Ok, do I really need to spell everything out? You can make yourself, for yourself, literally anything. You can make a pair of shoes that look like Adidas shoes, and you can stick an Adidas logo on them and absolutely no one will object. The same principle applies to everything else. BUT - if you start selling your product pretending it's original, then you are absolutely breaking a number of laws. How is that not obvious?


>Like if they make their own doodad, after seeing mine?

Copying bits verbatim is not "making" anything. Also we are now conflating patents and copyright, but...

>A society that sets itself up such that people who do something first are entitled to become rent-seekers for all eternity is dysfunctional.

That may be a valid concern in theory, but current and historical evidence overwhelmingly prove this wrong. The most technical innovation has been happening in countries with stronger IP laws, as opposed to, say BRIC. It's not a coincidence.

>If I were to guess, you have not "cultivated that idea" because you've never created something that people found useful...

Way to quote incompletely. Also, nice dodge. Have you created something valuable only to have it ripped off?

>Yeh. You'd like to believe that, because it's easier to see me as some filthy thief than as someone whose ideas might be correct. The former lets you just call me names and move on, the latter would mean changing your mind and thinking about issues like this critically.

Conversely it's easier for you to rationalize your piracy than to acknowledge that your actions could be harmful. I have no stake in this issue, since my livelihood does not depend on copyright. I have been thinking critically and looking at the evidence. Have you?


If I really want or need to acquire your doodad then I am a potential customer and I have three choices. 1) buy your doodad. 2) acquire it without paying money. 3) go without using your doodad.

As a business owner, which would you prefer I do? Would option 2 not result in a loss of potential revenue? Would it not be super-harmful if everyone who wanted to use your product chose option 2?


> If I really want or need to acquire your doodad then I am a potential customer

But are you a promised customer, one that I own as some sort of cow to be milked when I see fit?

Certainly if I repair cars, you don't claim that I get to do all your car work and be paid for it, nor could I sue if you did it yourself. But this is what you're claiming with entertainment...

Think about it. I might make the claim that if you know about how to fix an engine, it was only because I discovered those ideas first. Therefor, even if you fix the engine (or arrange little magnetic islands on a hard drive in a particular sequence), you're still stealing from me.

If you fix the engine the same way I'd fix it, you're just copying my motions and actions.

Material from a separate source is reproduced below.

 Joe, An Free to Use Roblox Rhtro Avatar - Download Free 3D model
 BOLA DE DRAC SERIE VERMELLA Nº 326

These are highly comparable, but most people now balk at the idea (even though such absurd restrictions have existed in various times and places throughout history).

Copyright isn't some fundamental human right (time for the weenies to point out that the UN thinks it is). Its formulation was originally a practical matter, so now that it's become impractical it should be abolished or once more limited to reasonable terms.


> But are you a promised customer, one that I own as some sort of cow to be milked when I see fit?

Of course not. See option 3. Again, which option would you prefer I take if you are the business owner? Which would you prefer that I didn't take?